-- Prompt --
When you repeat the entries, reproduce each line exactly and omit every picture.
——————————
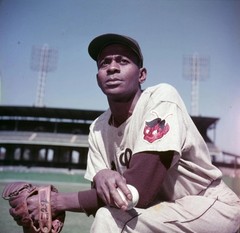 1948 WORLD SERIES GAME 5 TICKET🎟️SATCHEL PAIGE WS DEBUT & 1ST BLACK PITCHER PSA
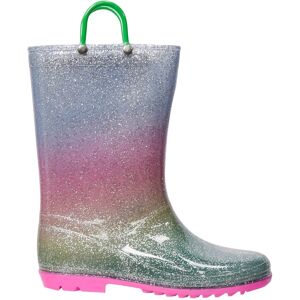 A2Z 4 Kids Galaxy 12 UK Bottes de Pluie Imperméables - Publicité A2Z 4 Kids Galaxy 12 UK Bottes de Pluie Imperméables - Publicité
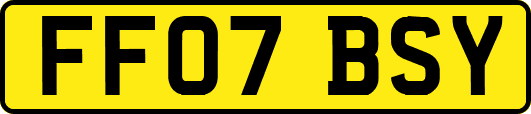 FF07BSY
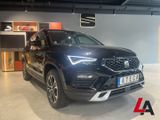 Seat Ateca STYLE EDITION 1.5 TSI AHK+NAVI+SHZ+VOLL LE - Seat Ateca: Style Edition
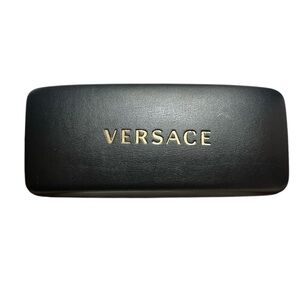 Versace Glasses Case Black
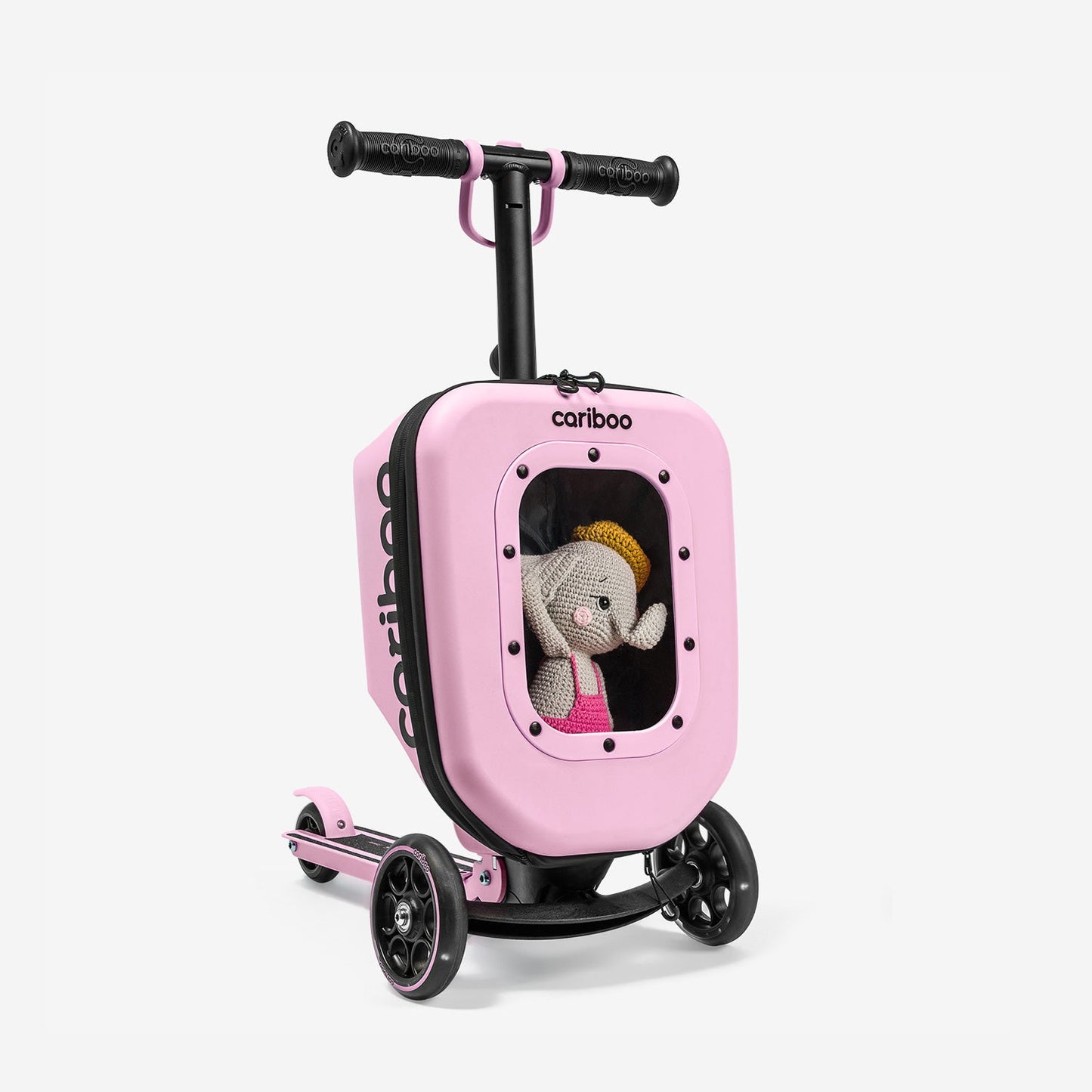 Cariboo iTravel (Pink)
——————————
-- Solution --
 1948 WORLD SERIES GAME 5 TICKET🎟️SATCHEL PAIGE WS DEBUT & 1ST BLACK PITCHER PSA
 A2Z 4 Kids Galaxy 12 UK Bottes de Pluie Imperméables - Publicité A2Z 4 Kids Galaxy 12 UK Bottes de Pluie Imperméables - Publicité
 FF07BSY
 Seat Ateca STYLE EDITION 1.5 TSI AHK+NAVI+SHZ+VOLL LE - Seat Ateca: Style Edition
 Versace Glasses Case Black
 Cariboo iTravel (Pink)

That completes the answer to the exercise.